Alfred Woodroffe

Personal information
- Full name: Alfred Woodroffe
- Born: 1 September 1918 West Bromwich, Staffordshire, England
- Died: 23 July 1964 (aged 45) Sutton Coldfield, Warwickshire, England
- Batting: Left-handed

Domestic team information
- 1947–1948: Warwickshire

Career statistics
| Competition | First-class |
| Matches | 4 |
| Runs scored | 77 |
| Batting average | 11.00 |
| 100s/50s | –/– |
| Top score | 41 |
| Balls bowled | – |
| Wickets | – |
| Bowling average | – |
| 5 wickets in innings | – |
| 10 wickets in match | – |
| Best bowling | – |
| Catches/stumpings | 3/– |
- Source: Cricinfo, 11 October 2015

= Alfred Woodroffe =

English cricketer

Alfred Woodroffe (1 September 1918 - 23 July 1964) was an English cricketer active in first-class cricket from 1947-1948. He played as a left-handed batsman.

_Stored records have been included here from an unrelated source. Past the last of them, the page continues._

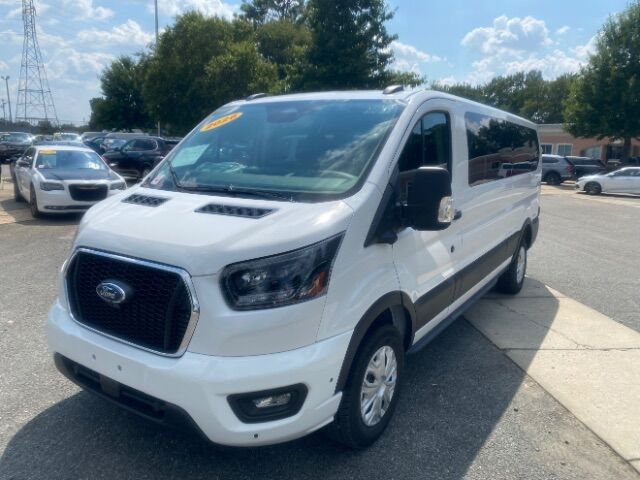 2026 Ford Transit 350 XLT Low Roof 148.0 WB
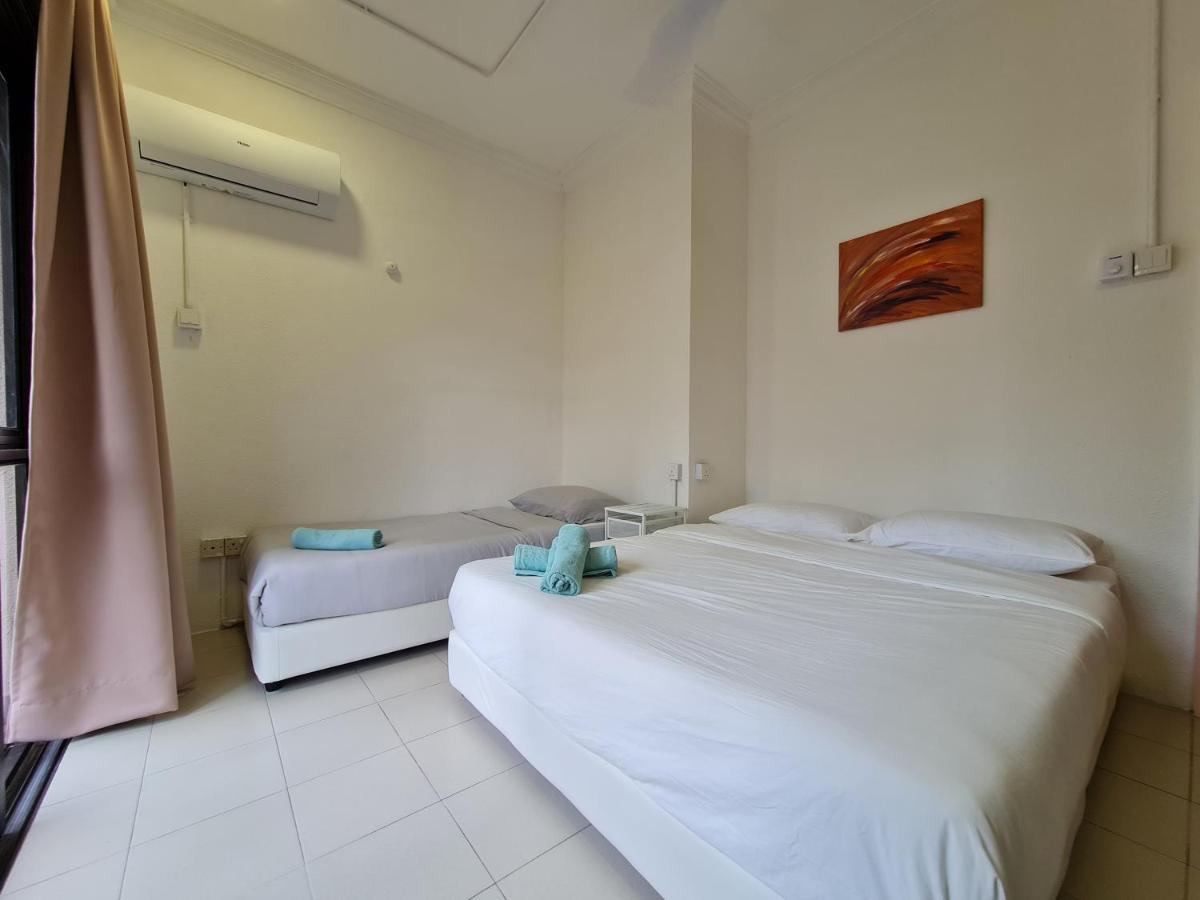 جورج تاون Room @ Lorong Kelawai Near To Gurney Paragon المظهر الخارجي الصورة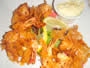 Bild 132/167: Shrimps auslsen, Panade weglassen 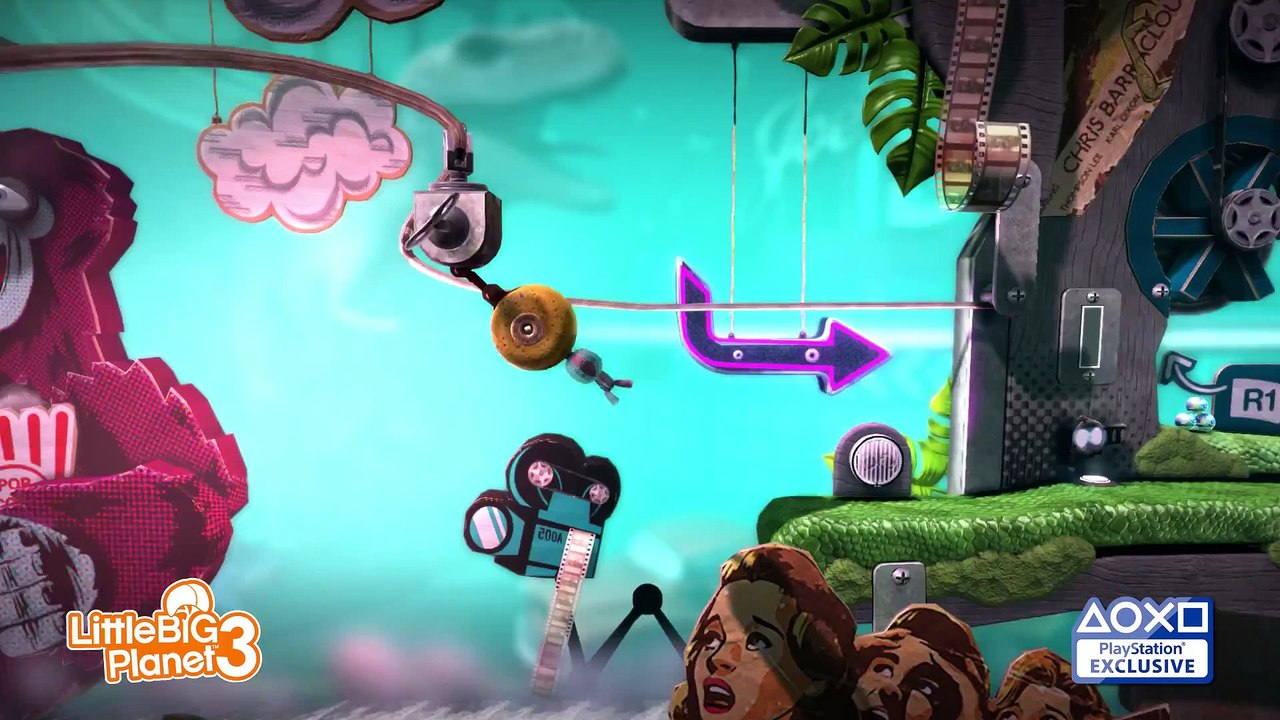 Trailer Playstation Noël 2014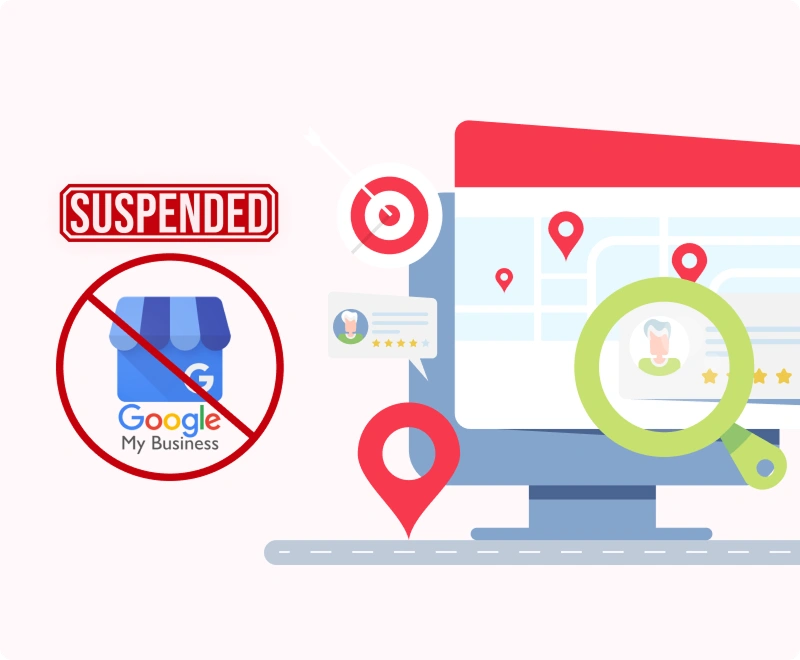 Why Was Your Google Business Profile Suspended?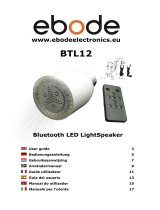 Ebode btl12 User manual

Woodroffe made his debut in first-class cricket for Warwickshire against Worcestershire in the 1947 County Championship at Dudley. He made a further appearance in 1947 against Gloucestershire, before making his final two first-class appearances in the 1948 County Championship against Gloucestershire and Surrey. As a middle order batsman, Woodroffe scored a total of 77 runs in his four matches, with a high score of 41.

He died at Sutton Coldfield, Warwickshire on 23 July 1964.